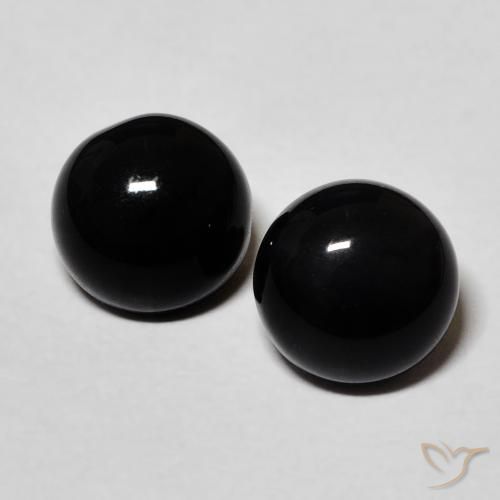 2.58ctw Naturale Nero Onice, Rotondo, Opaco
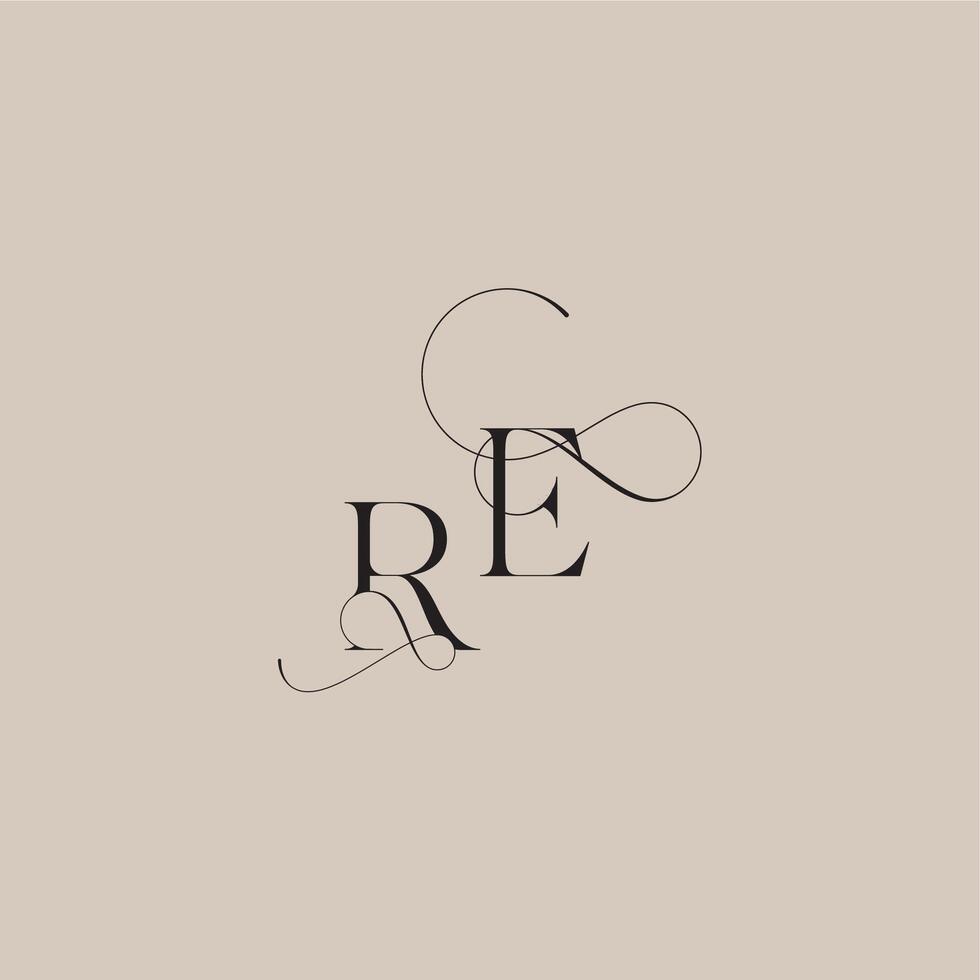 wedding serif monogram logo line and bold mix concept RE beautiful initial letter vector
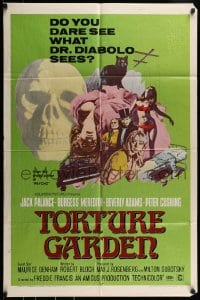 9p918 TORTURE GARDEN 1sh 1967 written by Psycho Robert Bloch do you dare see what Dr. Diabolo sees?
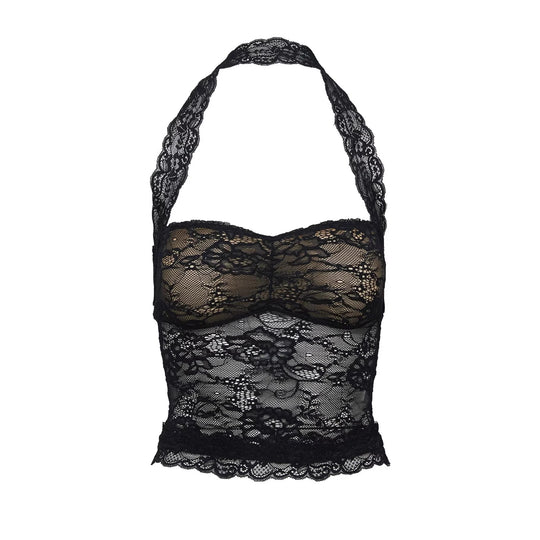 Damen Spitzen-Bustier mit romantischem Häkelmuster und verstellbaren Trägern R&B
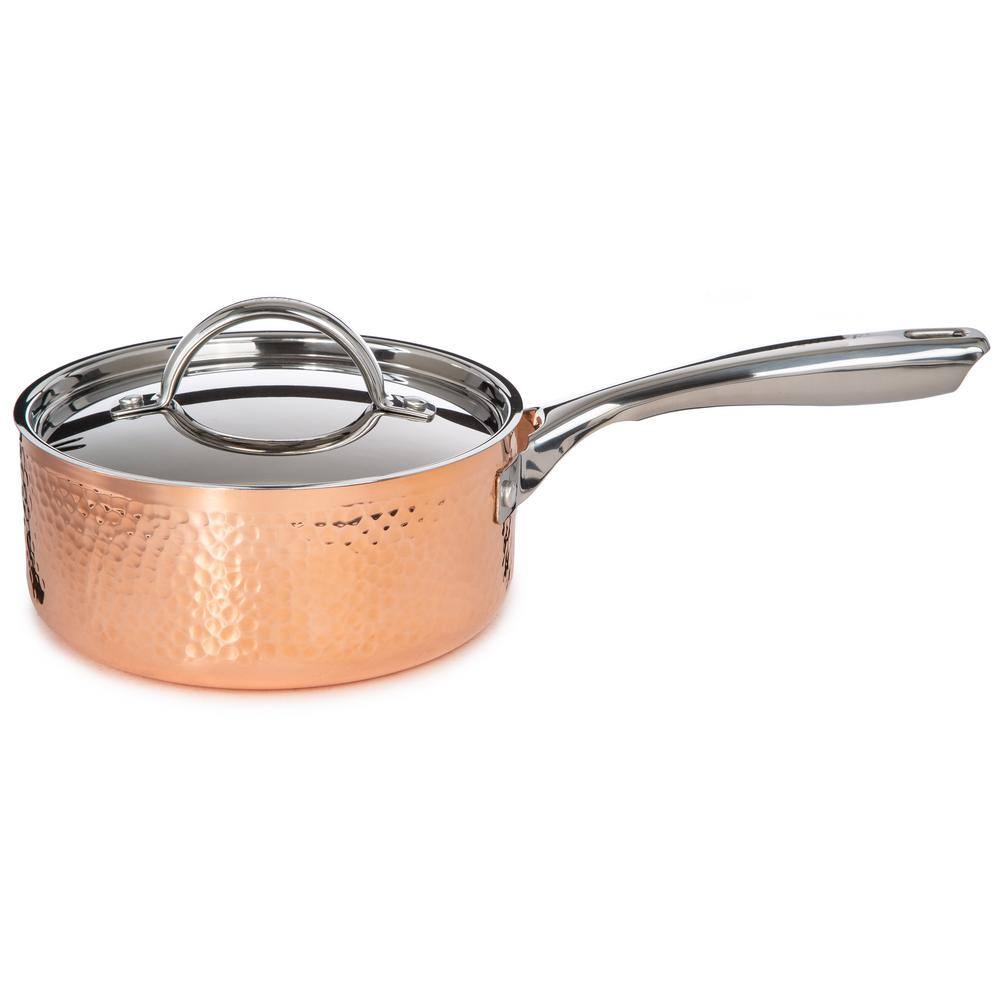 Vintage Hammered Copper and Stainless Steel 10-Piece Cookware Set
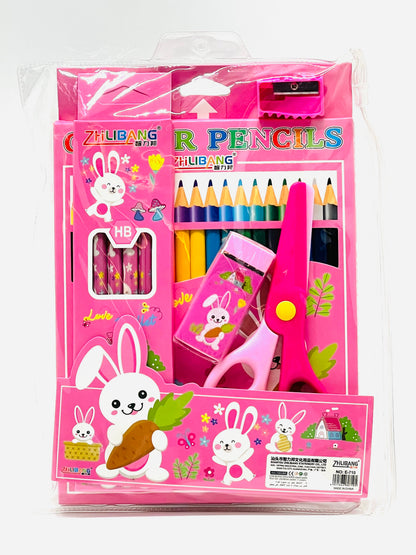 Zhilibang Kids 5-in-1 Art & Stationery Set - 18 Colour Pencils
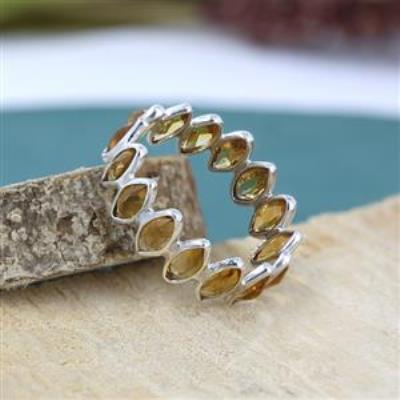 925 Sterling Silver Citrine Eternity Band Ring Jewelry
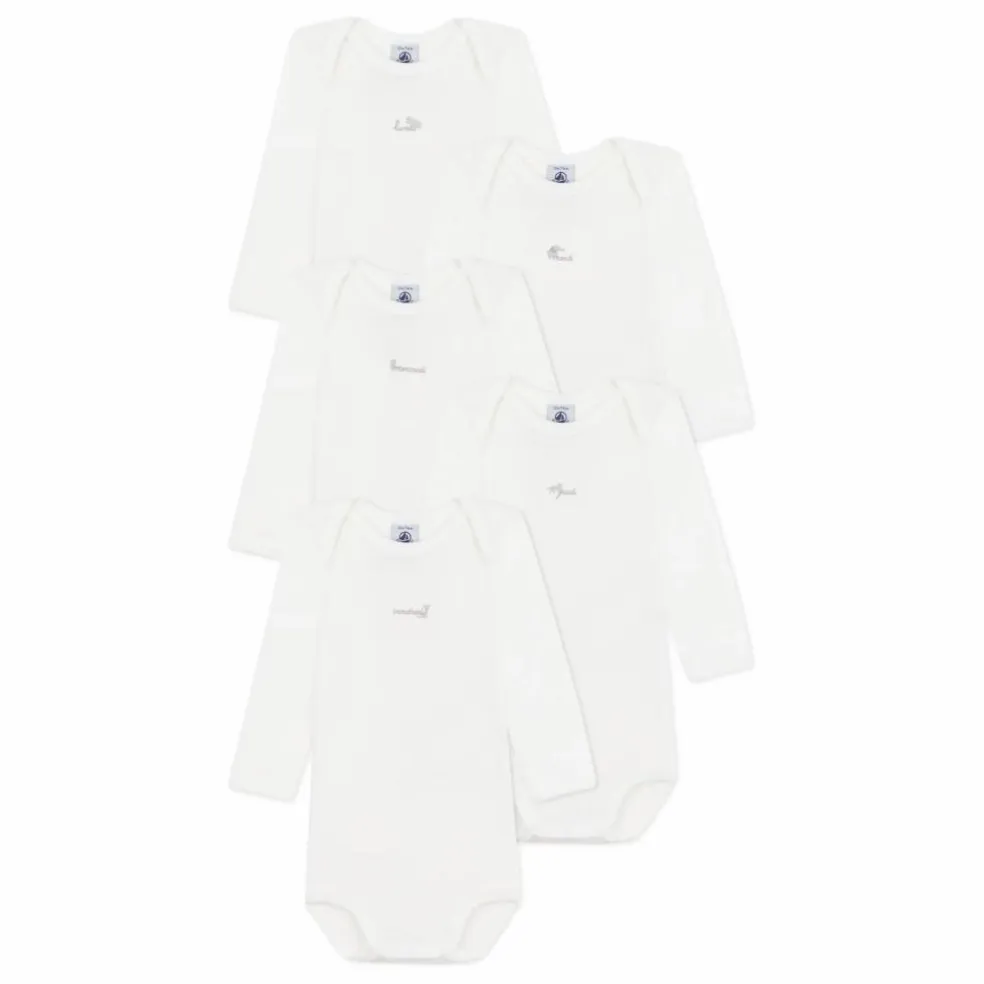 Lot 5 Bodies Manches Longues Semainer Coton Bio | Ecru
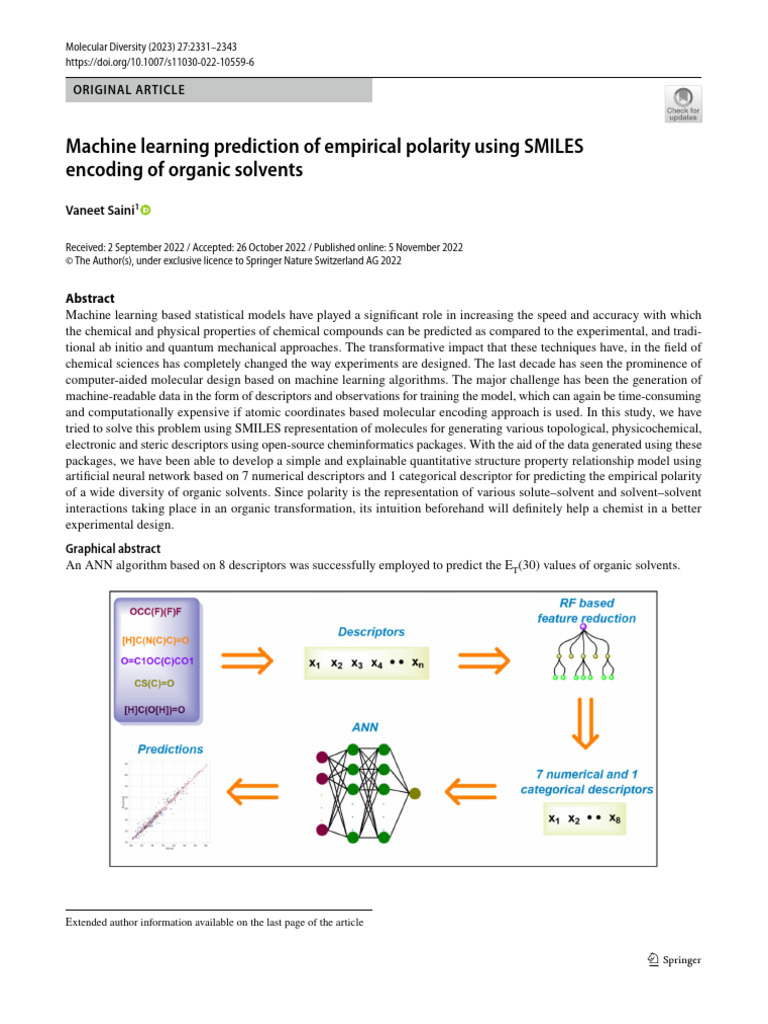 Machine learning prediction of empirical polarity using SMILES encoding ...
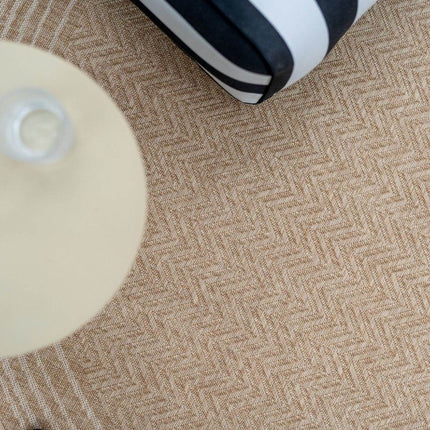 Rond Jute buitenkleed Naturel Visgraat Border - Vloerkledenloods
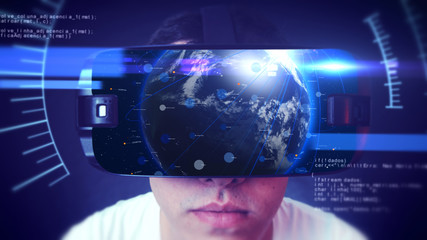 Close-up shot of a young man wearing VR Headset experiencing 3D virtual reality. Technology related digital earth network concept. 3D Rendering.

What you have to do. The last line of the entries marks the end, and the line with "Lot 5 Bodies" marks the start. Output exactly those two lines and every line between them, nothing else, with the pictures left out.

Exercise response.
 Lot 5 Bodies Manches Longues Semainer Coton Bio | Ecru
 Machine learning prediction of empirical polarity using SMILES encoding ...
 Rond Jute buitenkleed Naturel Visgraat Border - Vloerkledenloods
 Close-up shot of a young man wearing VR Headset experiencing 3D virtual reality. Technology related digital earth network concept. 3D Rendering.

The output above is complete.